命の火が消えていこうとする状況を見守り続けるというのは何度経験しても慣れるということはない。
それがたとえ重さ90グラム程度の小さな生き物であったとしてもだ。
生活を共にしていたハムスターが息を引き取った。
二年前にケージから脱走したことのあったハムスターだ。
彼女は1年と10ヶ月、ゴールデン・ハムスターとしては短命だった。
彼女という言葉を使うのは少し擬人化しすぎているんじゃないかと自分でもそう思うのだが、他に使うことができる言葉が見当たらない。もちろん名前は付けていたのだが、それは僕と妻が彼女に対して話しかけるための名前であって、この文章は彼女に語りかけるために書いた文章ではない。だからここではその名前は使いたくはないのだ。
短命だったのはひとえに僕の責任だ。下の歯が伸びていることと、ひまわりの種を食べなくなったことを結びつけて考えずに、ひまわりの種を食べなくなったのは老化が進んだせいだと思い込んでいたせいである。
先月の終わりごろ様態が怪しくなり、病院に連れて行ったときには伸びすぎた歯が鼻を圧迫し呼吸が困難な状況になっていた。
もっと早く歯を削ってもらいに行っていたならば今でもまだ元気だったのかもしれない。
歯を削り、抗生物質を注射してもらったのだが助かるかどうかは微妙なところで、体力をつけさせるためには強制給餌をしてでも食事をさせる必要があった。
が、そもそも意思の疎通など出来ない人間とハムスターの関係である。強制給餌は難しかった。

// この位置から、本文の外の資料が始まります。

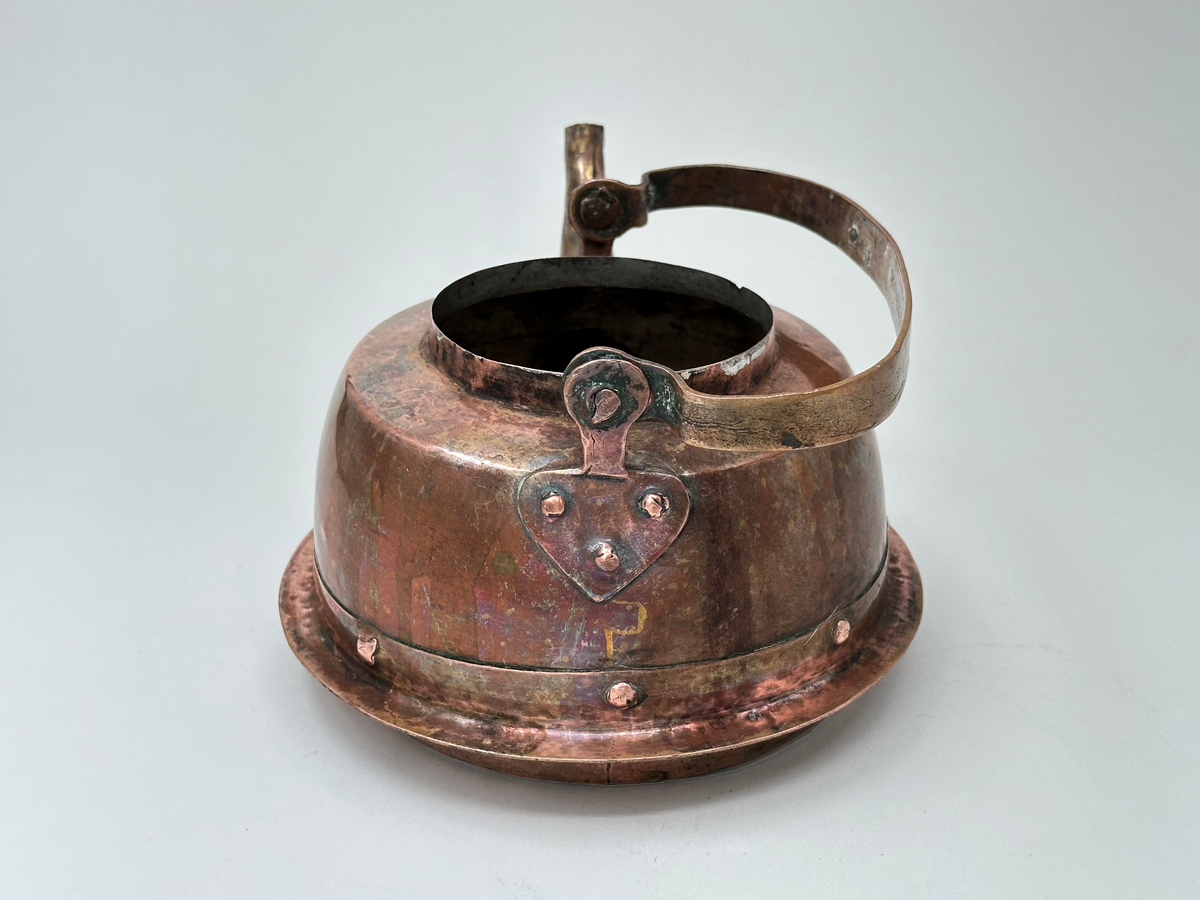 Kaffepanna, driven av koppar, med insidan förtent. Modell med plattrund form, fällbart bygelhandtag, svängd pip. Ena bygelfästet avlångt, andra hjärtformat. Synlig skarv med flikar och mässingsslaglod. Pannan har en fastnitad fals, avsedd för järnspis.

背中から首の皮をつかみ仰向けにさせ、スポイトで液状の栄養食を少しずつ口の中に入れてあげる。最初の数滴は飲み込むのだが、そのうち嫌がり、小さな手を動かして口元にあるスポイトの先をどけようとするのだ。
おまけにハムスターはめったに鳴かないのだが、こういうときに限って悲しそうに鳴く。
そのうちに、手を差し伸べようとするだけで、ビクッと驚き、逃げるようにして鳴きはじめた。
ここまで怯えさせて、それでも延命をさせるのが正しいののだろうか。
もちろん答えなど出ないのだが、悩んだ末に延命ではなくQOL、つまり今ある生活の向上の方を選ぶことにした。
すぐそばに小皿を置きその中に栄養食を入れておいて、いつでも飲むことが出来るようにして見守ることにしたのだ。
怯えから開放されて安心することが出来たおかげか、一時は回し車を回すくらいに元気になったのだが、それは一時的なもので、次第にやせ細り倒れるように寝ている時間が多くなっていった。
しかし、体を動かす体力もほとんど残っていないながらも、日常生活の中で染み付いた習性というものは生きるということと密接に結びついているらしく、おしっこの時になると彼女は寝床にしているケージの二階からパイプを伝わり降りて、一階部分に接続された砂場にたどりつき、そこでおしっこをして再びパイプを上り、二階の寝床に戻るという日常生活を最後まで行っていた。
そして僕の見た、彼女が起きている最後の姿は、夜に妻が小さく切ってあげたカボチャの小片を小さな手で抱えてしゃぶっている姿だった。
朝になって覗くと彼女は眠っていた。動く体力もほとんど残っていないはずなのに砂場にはおしっこをした後が残っていた。
彼女は最後まで日常の生活を続けようとしていたのだった。
そのことを思うと、無理にでも強制給餌を続けるべきだったんじゃないかと少し後悔している。
いつでも僕は、少しだけ間違った決断をしてしまうのだ。